Residents of the Seabright neighborhood were dismayed last week to find that a public art piece—one many of them had helped to maintain for several years on Seabright State Beach—had been intentionally destroyed with a tractor by Santa Cruz State Parks authorities.

The art design, a peace sign with an approximate 60-foot diameter that was shaped using ice plant, was first made spontaneously in 2009 on the anniversary of the Sept. 11 terrorist attacks by local Tracey Heggum and several of her friends. The creation, located at the bottom of the Third Avenue stairs, was a way for them to show their respect for those who lost their lives that day in 2001, she says. 
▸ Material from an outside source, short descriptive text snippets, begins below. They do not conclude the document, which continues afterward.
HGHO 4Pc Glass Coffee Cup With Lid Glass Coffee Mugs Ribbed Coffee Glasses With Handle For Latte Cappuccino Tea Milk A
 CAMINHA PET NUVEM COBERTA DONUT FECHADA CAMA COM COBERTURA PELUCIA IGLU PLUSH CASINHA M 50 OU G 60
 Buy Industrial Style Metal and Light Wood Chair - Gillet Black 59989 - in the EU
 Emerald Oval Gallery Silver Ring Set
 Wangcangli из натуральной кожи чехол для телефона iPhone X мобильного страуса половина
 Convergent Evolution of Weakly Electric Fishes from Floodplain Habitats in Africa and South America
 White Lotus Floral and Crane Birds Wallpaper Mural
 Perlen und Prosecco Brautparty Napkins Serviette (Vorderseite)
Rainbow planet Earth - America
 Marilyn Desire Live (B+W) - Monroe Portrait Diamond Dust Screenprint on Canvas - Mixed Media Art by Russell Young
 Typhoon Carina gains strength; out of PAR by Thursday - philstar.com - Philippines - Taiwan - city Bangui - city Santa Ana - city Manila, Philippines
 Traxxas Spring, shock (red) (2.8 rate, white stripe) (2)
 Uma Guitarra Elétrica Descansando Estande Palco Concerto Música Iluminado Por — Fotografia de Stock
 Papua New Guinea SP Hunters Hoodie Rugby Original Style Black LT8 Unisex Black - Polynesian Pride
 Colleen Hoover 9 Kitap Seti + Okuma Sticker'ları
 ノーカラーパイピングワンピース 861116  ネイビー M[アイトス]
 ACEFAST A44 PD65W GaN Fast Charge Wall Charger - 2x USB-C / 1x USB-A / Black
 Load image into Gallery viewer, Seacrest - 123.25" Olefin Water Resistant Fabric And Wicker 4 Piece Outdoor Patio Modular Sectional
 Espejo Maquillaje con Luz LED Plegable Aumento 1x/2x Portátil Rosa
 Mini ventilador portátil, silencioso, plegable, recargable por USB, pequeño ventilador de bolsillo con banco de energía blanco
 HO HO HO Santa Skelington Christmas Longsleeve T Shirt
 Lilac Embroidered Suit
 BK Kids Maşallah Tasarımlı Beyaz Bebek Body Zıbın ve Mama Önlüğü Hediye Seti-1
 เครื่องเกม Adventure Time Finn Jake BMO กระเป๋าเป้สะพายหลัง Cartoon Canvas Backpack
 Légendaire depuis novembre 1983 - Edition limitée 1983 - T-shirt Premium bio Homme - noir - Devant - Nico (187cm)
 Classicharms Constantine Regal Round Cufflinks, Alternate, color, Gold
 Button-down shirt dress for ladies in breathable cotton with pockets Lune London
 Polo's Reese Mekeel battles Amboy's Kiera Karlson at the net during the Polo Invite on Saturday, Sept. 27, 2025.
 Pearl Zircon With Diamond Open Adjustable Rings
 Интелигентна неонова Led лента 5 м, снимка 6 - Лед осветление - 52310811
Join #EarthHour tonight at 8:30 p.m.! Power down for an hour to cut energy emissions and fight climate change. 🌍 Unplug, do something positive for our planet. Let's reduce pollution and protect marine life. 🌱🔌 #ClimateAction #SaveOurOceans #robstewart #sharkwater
Bruce Walker, a resident of the neighborhood and longtime caretaker of the peace sign—he often fixed the symbol when it was changed—says that the art has become an important symbol for the community.

“It is a pleasure to be in its presence,” Walker says. “It would just remind people of peace.”

Walker says he has often seen people meditating at the peace sign’s center and countless others contributing to its maintenance.

Neighbor Diane Rejman says the peace sign was an organic and dynamic piece of art.

“It gave me a warm feeling,” says Rejman, an army veteran and now pacifist. “I figured most people who saw it would feel the same way.”

State Parks lifeguard supervisor Chip Bockman says the only reason State Parks removed the peace sign on May 15 is because it was made with ice plant, a non-native, invasive species.

“It was starting to take root and grow into the sand,” he says.

The action was part of ongoing work by State Parks to remove ice plant and restore native plants all along the local cliff edges, he says.

“We’re trying to work with [those who are upset],” Bockman says. “We want to work out a solution that doesn’t involve ice plant in the middle of the beach. That’s the big concern.”

Community members plan to meet on the beach at 10 a.m. on Saturday, May 25 to re-make the peace sign using yard trimmings, flowers and plant materials from the Homeless Garden Project, and ice plant from the beach's cliff. Some neighbors have already started the repairs.

“By now, too many of us have developed a connection to it and will do what it takes to keep it there and intact,” Walker says.

Chris Spohrer, an environmental scientist for the State Parks, says using kelp, sea grass, driftwood, or something else that occurs there naturally, would not be a problem.

“It’s just their choice of material,” Spohrer says. “It out-competes all the other plants—it smothers them and we don’t want it spreading on the beach.”

“We’re not trying to keep people from expressing themselves,” he adds.

Over the years the peace sign has been altered into various forms: a smiley face, a heart, a cross, an anarchy symbol, a baseball when the San Francisco Giants won the World Series, and the digits “420” on the marijuana holiday April 20.

But it has always been changed back into the peace symbol, usually within a day, says Walker.

The peace sign Heggum and her friends made in 2009 remained for about four months before dissipating, and was absent until Sept. 11, 2011—the 10-year anniversary of the attacks—when Heggum and 10 friends made a new, even more elaborate peace sign using yard trimmings, flowers and ice plant.

“It was the most magnificent peace sign you’ve ever seen,” she says.

Photo courtesy Diane Rejman.

Comments (2)Add Comment
in regards to the iceplant...
written by Rob Ramer, May 24, 2013
The State Park folks are using the ice plant as a lame excuse.
That's like complaining about the beer on the table in a brewery.

There's ice plant on nearly every cliff in the Seabright area.
I'm looking forward to the rebuild tomorrow.
It is back!
written by Diane Rejman, May 24, 2013
It wasn't gone long. Too many people didn't like the scar that remained, so they couldn't wait until our event on Saturday. But we'll add more to it and celebrate it, anyway on Saturday morning. It might have been nice for the State to advise us ahead of time regarding their issue with the choice of vegetation, instead of simply destroying it. When we saw it was gone, it sent a shockwave through our community unlike any I have experienced. I don't know where else such a spontaneous, dynamic, participatory piece of art exists.